Thanks for the idea, CofSEZ.
And thank you so much for your support of AlanzosBlog!
Oh , the last comment of yours Alanzo…so true. Being on staff for a year and two months really intensified my cognitive dissonance. I worked in the HGC. I saw the disrespect of the pc´s privacy, the assumed superiority of some staff members and execs(we are not dilettantes), and the general scilo-shittyness behind the public, love-bomby facade of scientology. The experience was stressful and disheartening and, finally, enlightening. After I blew…and was able to decompress…I read voraciously.

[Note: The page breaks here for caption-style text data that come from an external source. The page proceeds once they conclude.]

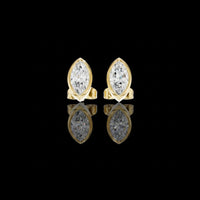 Minimal Marquise Bezel Moissanite Diamond Stud Earrings with Elongated Navette Silhouette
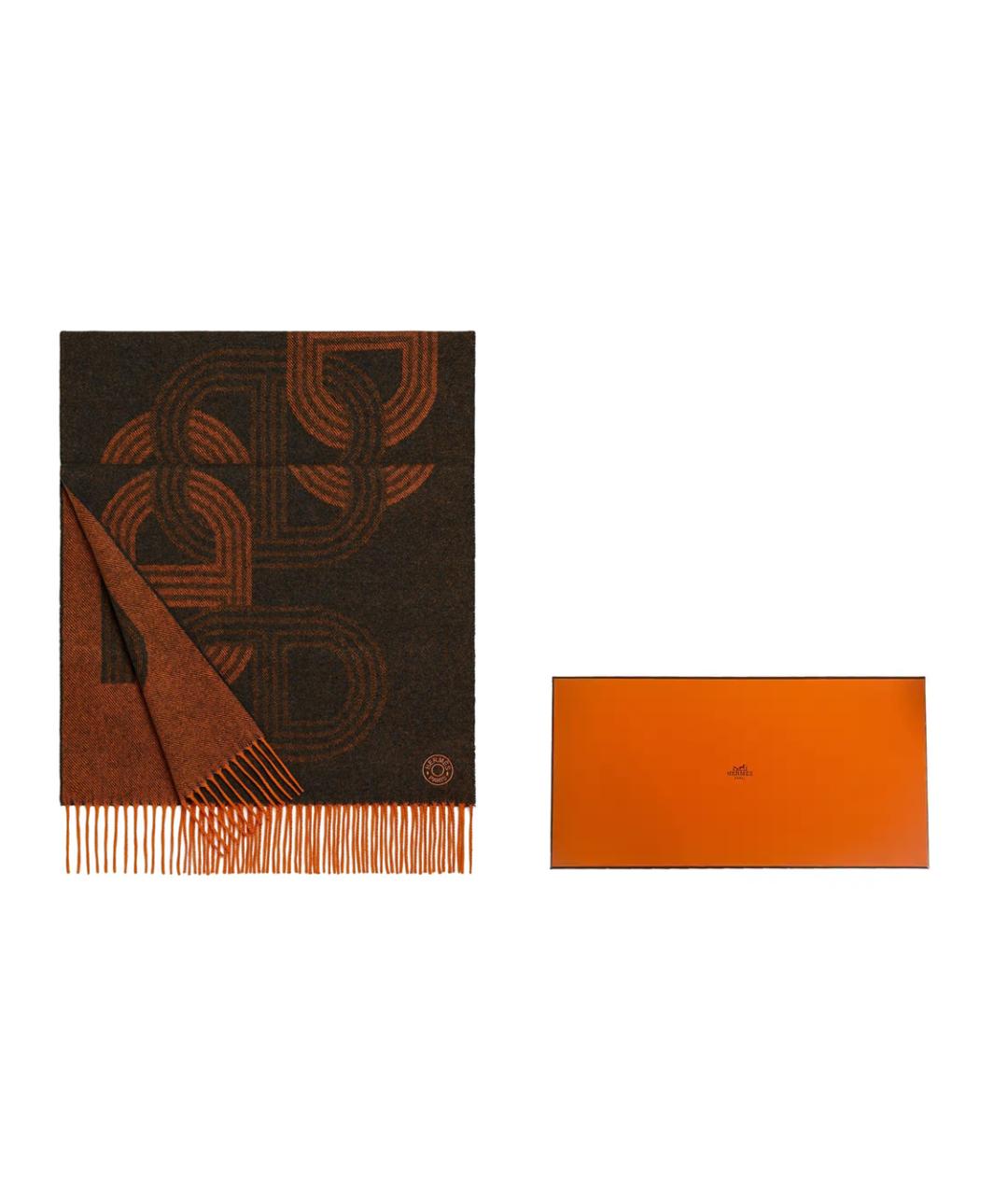 HERMES Оранжевый кашемировый шарф, фото 3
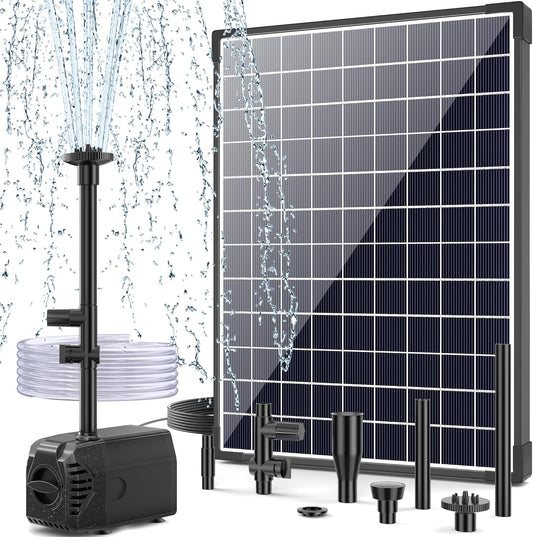 POPOSOAP 25W Solar Fountain Pump, Solar Water Pump with Water Flow Adjustable, Water Pump with Water Shortage Protection &17Ft Cord & 6.56FT Clear Tubing for Ponds, Waterfall, Garden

It was(and is) the usual suspects: Jon Atack, Tony Ortega, Russell Miller, Gerry Armstrong, Arnie Lerma, and a host of other writers and journalists, as well as blogs, message boards, films, youtube videos, etc.
¨Baby¨, who posts at Tony Ortega´s blog, directed me here. Thanks for the timeless truths:)
Great post, Al. Truly, the same ideals that got me in – anti-abuse, empiricist, willing to tell the entire world to shove it if I observed something to be true or right, with a strong desire to help people – are the same things that got me out despite all of the lies, manipulation, and flat out coercion I received while volunteering for them.
Good to see you here, Everfree!
Very cool, Alanzo……And good to know you have a blog where I can visit you and your insight on occasion. Cheers Matey 🙂
All right, Carmel!!!
Very good to see you!! Long time no hear from, girl!
I’ve been thinking of writing a post about you as part of the Scientology History series. Stick around. It’s coming in the next few weeks.
For anyone who does not know who Carmel Underwood is – you are in the presence of one of the true stars of the exposure of abuse in Scientology.
I am honored that she stopped by to say hello.
thanks.. so true..it sounded good, but I am better… I got out.. unfortunately my daughter didn’t.